Constructor being called multiple times

Question

I wrote the following c++ code trying to understand copy elision in c++.

#include <iostream>
using namespace std;

class B
{
  public:  
  B(int x  ) //default constructor
  {
    cout << "Constructor called" << endl;
  }    

  B(const B &b)  //copy constructor
  {
     cout << "Copy constructor called" << endl;
  } 
};

int main()
{ 

  B ob =5; 
  ob=6;
  ob=7;

  return 0;
}

This produces the following output:

Constructor called
Constructor called
Constructor called

I fail to understand why is the constructor being called thrice with each assignment to object ob.

Answer 1

B ob =5;

This uses the given constructor.

ob=6;

This uses the given constructor because there is not a B& operator=(int) function and 6 must be converted to type B. One path to do this is to temporarily construct a B and use it in the assignment.

ob=7;

Same answer as above.

I fail to understand why is the constructor being called thrice with each assignment

As I stated above you do not have a B& operator=(int) function but the compiler is happy to provide a copy assignment operator (i.e., B& operator=(const B&);) for you automatically.
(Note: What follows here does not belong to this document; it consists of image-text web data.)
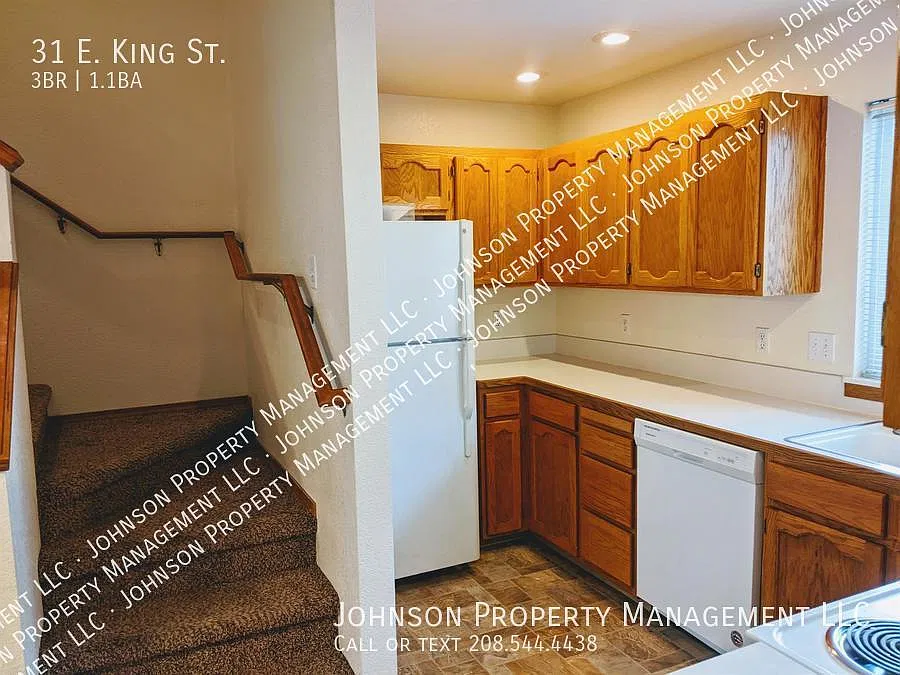 Centrally Located 3-Bedroom Townhome with Patio and Covered Parking in Downtown Meridian — Photo 2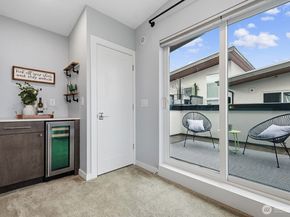 3070 SW Avalon Way A, Seattle WA 98126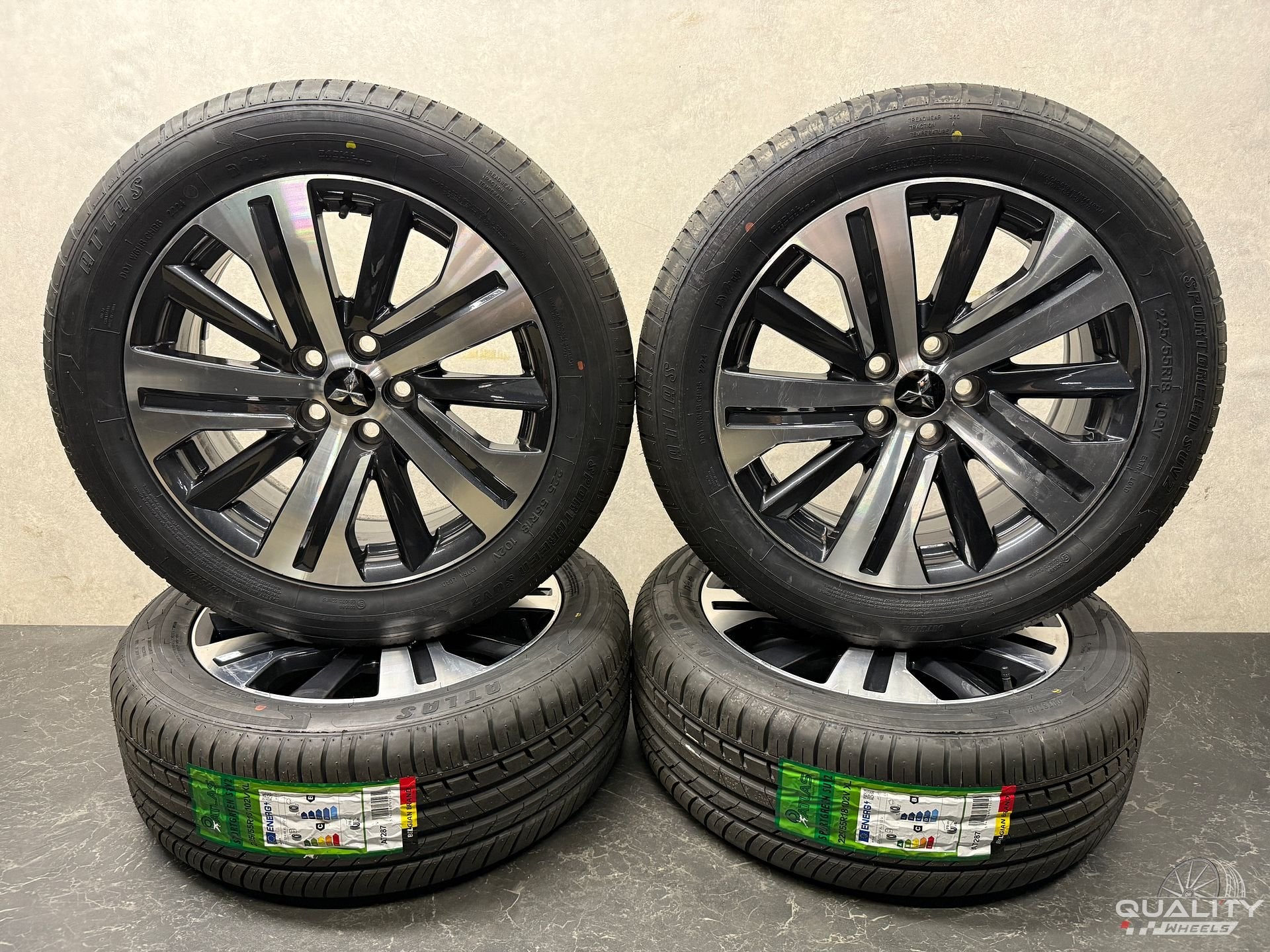 18” Mitsubishi Outlander, ASX, Eclipse Cross Velgen + Banden, Auto-onderdelen, 18 inch, Gebruikt, -, -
The compiler generated assignment operator is being called and it takes a B type and all int types can be converted to a B type (via the constructor you provided).

Note: You can disable the implicit conversion by using explicit (i.e., explicit B(int x);) and I would recommend the use of explicit except when implicit conversions are desired.

Example

#include <iostream>

class B
{
public:
    B(int x) { std::cout << "B ctor\n"; }

    B(const B& b) { std::cout << B copy ctor\n"; }
};

B createB()
{
    B b = 5;
    return b;
}

int main()
{
    B b = createB();

    return 0;
}

Example Output

Note: Compiled using Visual Studio 2013 (Release)

B ctor

This shows the copy constructor was elided (i.e., the B instance in the createB function is triggered but no other constructors).

Answer 2

Each time you assign an instance of the variable ob of type B an integer value, you are basically constructing a new instance of B thus calling the constructor. Think about it, how else would the compiler know how to create an instance of B if not through the constructor taking an int as parameter?

If you overloaded the assignment operator for your class B taking an int, it would be called:

B& operator=(int rhs)
{
    cout << "Assignment operator" << endl;
}

This would result in the first line: B ob = 5; to use the constructor, while the two following would use the assignment operator, see for yourself:

Constructor called
Assignment operator
Assignment operator

http://ideone.com/fAjoA4

If you do not want your constructor taking an int to be called upon assignment, you can declare it explicit like this:

explicit B(int x)
{
    cout << "Constructor called" << endl;
}

This would cause a compiler error with your code, since it would no longer be allowed to implicitly construct an instance of B from an integer, instead it would have to be done explicitly, like this:

B ob(5);

On a side note, your constructor taking an int as parameter, is not a default constructor, a default constructor is a constructor which can be called with no arguments.